Hello Itisaboat,
Let me first refer you to a similar question / answer:
http://answers.google.com/answers/threadview?id=390140
which describes the reliability calculations for three situations:
o serial reliability (if two items, the system fails if either fails)
o parallel reliability (if two items, the system fails if both fails)
o composite reliability (a combination of parallel / serial reliability)
I note that several of the links are "broken" and I'll add a few more
new ones to this answer to provide the "clear and concise" tutorials
and other references.
I will also assume when you refer to MTBF, you are referring to Mean
Time Between [Critical] Failure where the calculation is relative to
the performance of the whole RAID system (controller & disks) and not
to the failure of components within the system that do not cause the
RAID system to fail. In some references, this is also referred to as
Mean Time To Data Loss (MTTDL).

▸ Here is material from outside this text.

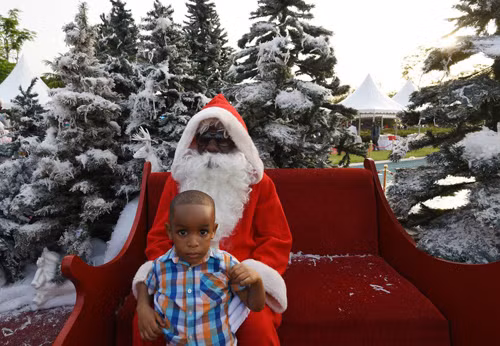 Một cậu bé ngồi với ông già Noel ở khu vườn trong cung điện tổng thống ở Abidjan trong lễ Giáng sinh vừa qua.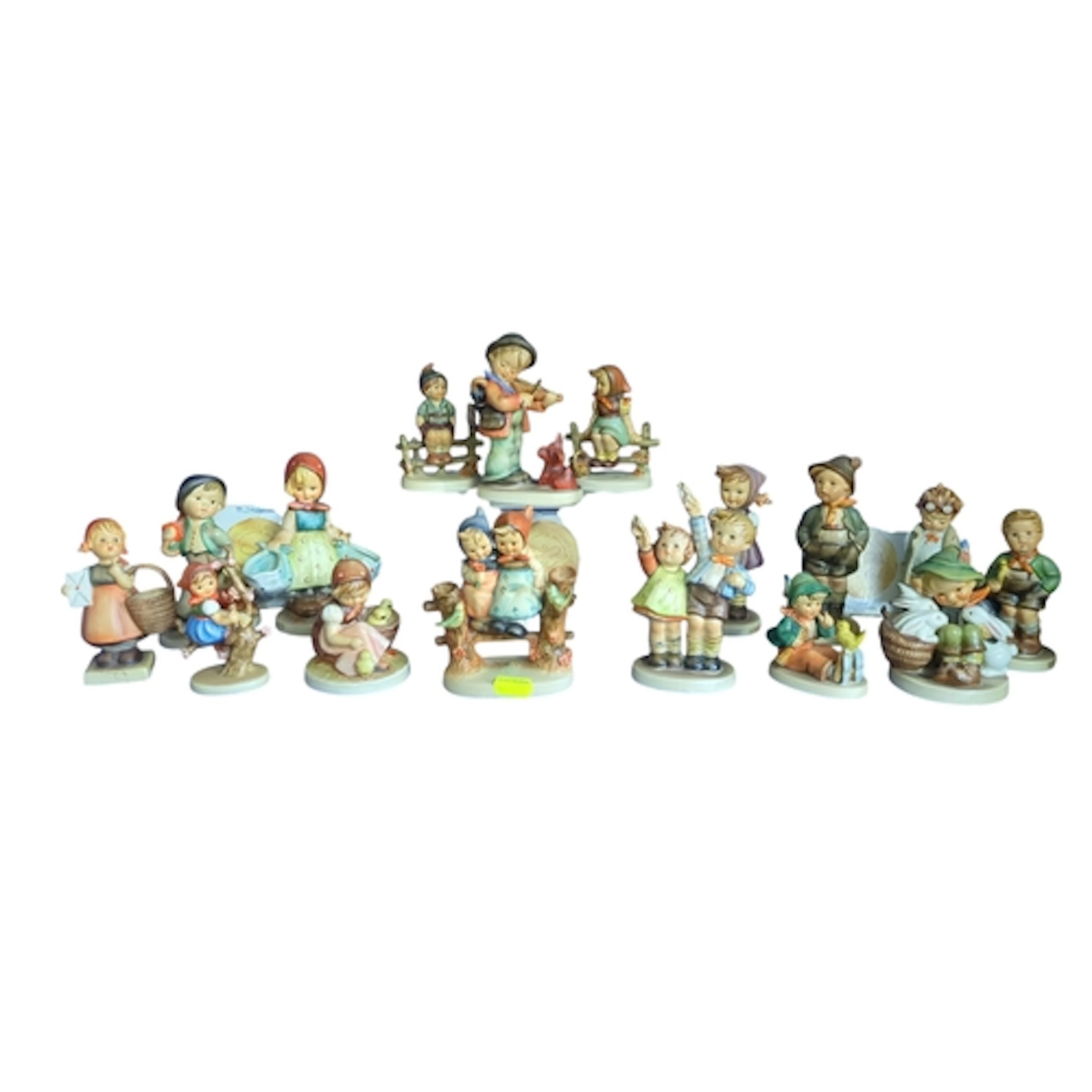 A collection of Goebel M. I. Hummel porcelain figures depict...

I also assume the failure rates of the
disks are not correlated (e.g., failures not due to a "common cause"
such as overheating of the RAID system or a manufacturing defect). If
this is not true, please make a clarification request so I can fix the
answer.
The RAID 5 situation you describe has composite reliability and can be
illustrated as:
Controller -> RAID Array
(in series) where the RAID array is treated as a complex system with
three major states:
1 - normal operation (all drives are OK)
2 - degraded operation (one [or two] drives failed, replacement /
repair in progress)
3 - failed (another failure occurred when the system was degraded)
There is a complex set of calculations required to compute this
precisely, but can be approximated in the following way.

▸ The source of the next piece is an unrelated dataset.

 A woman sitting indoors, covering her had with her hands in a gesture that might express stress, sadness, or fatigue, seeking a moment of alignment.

1 - all drives OK, for ten 100,000 hour drives, a single drive
failure roughly once per 10,000 hours
2 - one drive failed, assume duration 24 hours long to replace /
rebuild the failed drive, another drive failure roughly once per
11,111 hours (of the 24 hour periods)
3 - RAID system failed, the remaining period
From the Hannu Kari's PHD thesis at
http://www.tcs.hut.fi/~hhk/phd/phd_Hannu_H_Kari.pdf
(page 6) the MTTDL of a 10+1 disk RAID 5 system is roughly 3.8 million
hours (for 100,000 hour drives).
Taking the MTTDL above in combination with a 1,000,000 hour MTBF of a
controller results in the composite reliability calculated as:
lambda of RAID = 1,000,000/3,800,000 = 0.263
lambda of controller = 1,000,000/1,000,000 = 1.000
lambda of both = 1.000 + 0.263 = 1.263
MTBF of both = 1,000,000/1.263 = about 792 thousand hours.
The RAID 6 example is similar with four major states as:
1 - all drives OK,
2 - one drive failed
3 - two drives failed
4 - RAID system failed
I could not find the result for this directly on the internet but it
is at least several hundred times more reliable than the RAID 5
example (approximated by 10,000/24).
Chapter 6 of the thesis (same location) has some nice illustrations of
the states and explanations of the math involved to do the analytical
solution for RAID-5 and several approximations. I suggest skipping the
analytic solution and review the approximations. I also suggest you
stop reading this section where it goes into Disk Array Fault models
unless you are interested in the variety of ways that disks operate
and fail.
For other references, I suggest viewing:
http://www.softwareresearch.net/site/teaching/SS2003/PDFdocs.EmbC/16_fault_tolerance.pdf
a general tutorial on reliability, describing serial and parallel
reliability as well as how real equipment works and fails.
http://www.rism.com/Trig/binomial.htm
An explanation of combinations (along with related calculations). Can
be used in reliability calculations that do not take into account
repair. If you don't repair / replace a failed drive, that MTTDL of
3.8 million in a RAID 5 system goes down to roughly 110,000. If you
use Excel, =COMBIN does the combination calculation.
Using the search phrase
reliability tutorial
in Google also brings up a number of good tutorials on reliability in
general. I added RAID to the search phrase for some of my searches,
but that generally did NOT bring up helpful information. Other phrases
such as
MTTDL
"RAID 6" reliability MTTDL
can help you find other resources as well.
There are also several good books referred to in the PHD thesis. You
may want to review one of them at well (check your local university
library).
If any part of this answer is unclear or incomplete, please make a
clarification request before rating the answer so I can make the
appropriate corrections.
Good luck with your work.
--Maniac |